An anthropology student at NIU, Sterling returned to school after working 17 years as a union carpenter. Two and a half years ago, he took his first anthropology class and fell in love with the program. After he learned about an organization called Roots and Shoots started by Jane Goodall, he knew he wanted to be a part of it. Finding no group like it on campus, he decided to start his own.
After consulting with several Anthropology professors, Sterling discovered that, as a student, he could create a group. In 2010, Green Paws Environmental Alliance (Green P.E.A.s) was officially created. Initially, the group thought they would name it after Goodall’s organization, but after some discussion, they voted for a unique name. The group began with about 15 core members.
Their focus was creating an alliance among not only the other activist groups on campus, but also the other environmentally minded groups in the DeKalb community.
There was some resistance when the group tried to connect to like-minded organizations on campus because other groups were concerned that this new group would lure their members away. Sterling’s goal, however, was to recruit more members for every organization and to connect a seemingly disconnected network of people who were all working toward the same goals but doing it independently.
“We didn’t want it to be our little clique group who has a bake sale and only talks to each other,” Sterling said. That alliance initiative was a very special part of Green P.E.A.s.
Green P.E.A.s quickly began putting on events, including campus clean up and ReUse-A-Palooza, which would go on to become an annual event with a different focus each year. The focus of ReUse-A-Palooza 1 was to reducing e-waste on campus. For that event, the group collected computers, batteries, cell phones, printer cartridges and other items for recycling.

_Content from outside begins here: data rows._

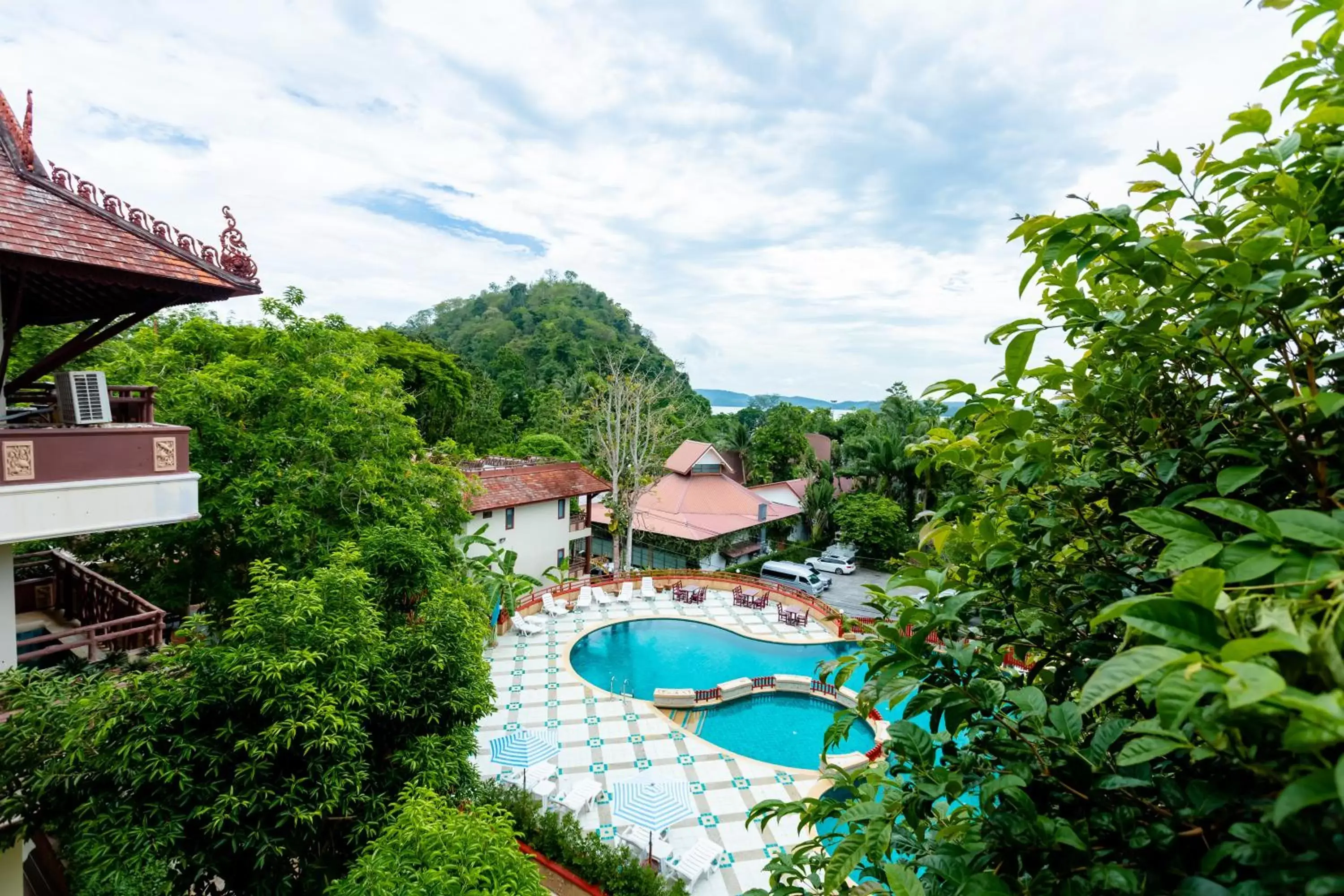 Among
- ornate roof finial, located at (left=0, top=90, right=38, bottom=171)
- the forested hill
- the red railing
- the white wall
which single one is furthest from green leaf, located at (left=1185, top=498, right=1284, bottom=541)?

ReUse-A-Palooza 1 successfully collected old cell phones and donated them to Safe Passage, an organization that helps victims of domestic violence in DeKalb.
Also, the group influenced NIU’s procurement office to do a better job of following their electronic supply chain to ensure that what NIU buys isn’t unknowingly supporting the war in the Congo.

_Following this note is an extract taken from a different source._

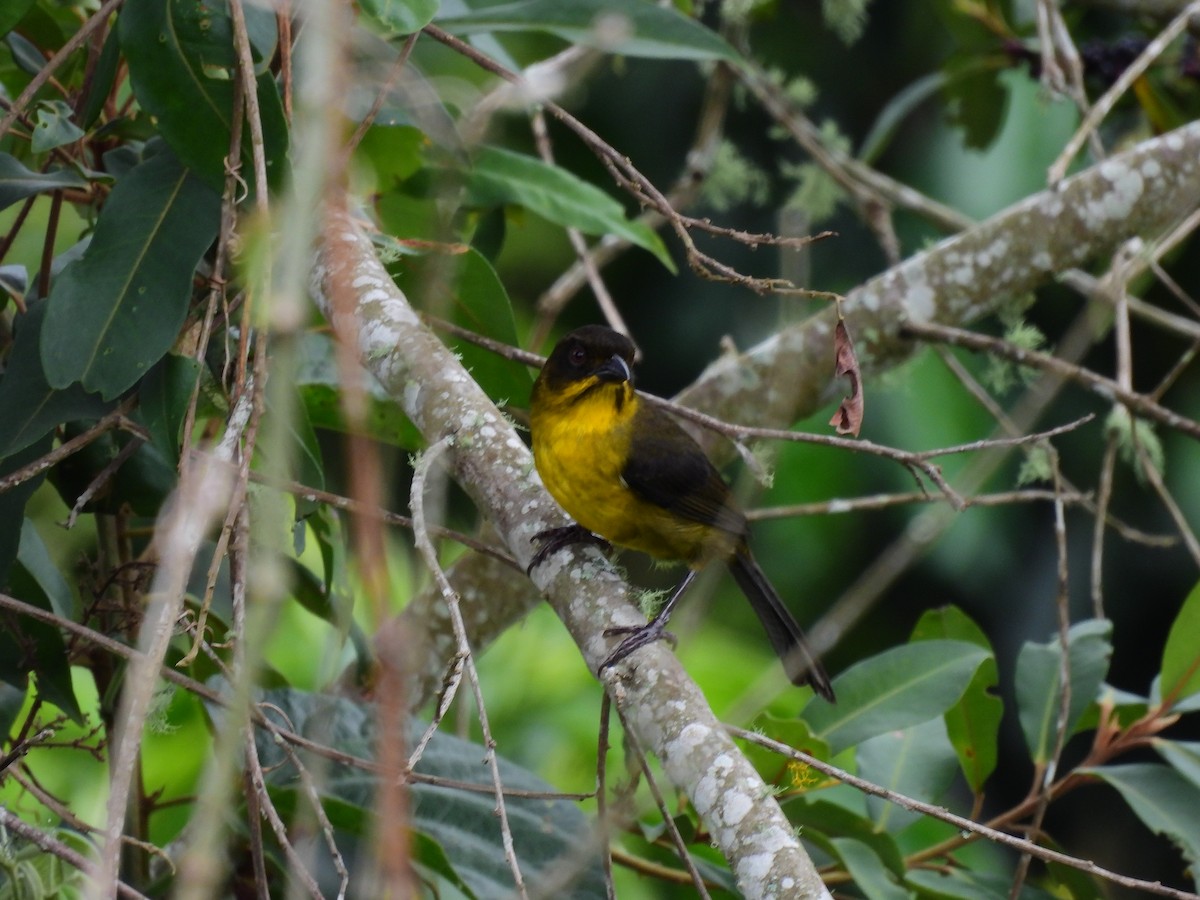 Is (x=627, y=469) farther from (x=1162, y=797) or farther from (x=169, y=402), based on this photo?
(x=1162, y=797)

For ReUse-A-Palooza 2, the group further promoted the 3 Rs: reduce, reuse and recycle, and they created a bike lane petition for the campus that resulted in NIU President John Peters to respond with a letter proposing to amend the 2020 initiative to include bike lanes funding. The group also paired with local organization Feed ‘em Soup, and included a can drive and other events to raise awareness about the hunger issues in DeKalb and Northern Illinois.
For ReUse-A-Palooza 3, the focus was on banning plastic bottles on the NIU campus, a movement that is gaining momentum on other campuses as well as NIU.
As Sterling starts his graduate work in Fall 2013, he will step back and be an adviser to the new leadership and members in hopes that the momentum continues pushing the next generation toward activism, environmental mindedness and connection to community. He urges members to figure out what they are really passionate about, then go after it forming a committee and recruiting others to join in whatever cause is important to them.
Green Paws leaped off the ground quickly with a good amount of support, and made connections both on campus and in the community. The only drawback seems to be the same obstacle other college groups face—the members have the nerve to leave following graduation.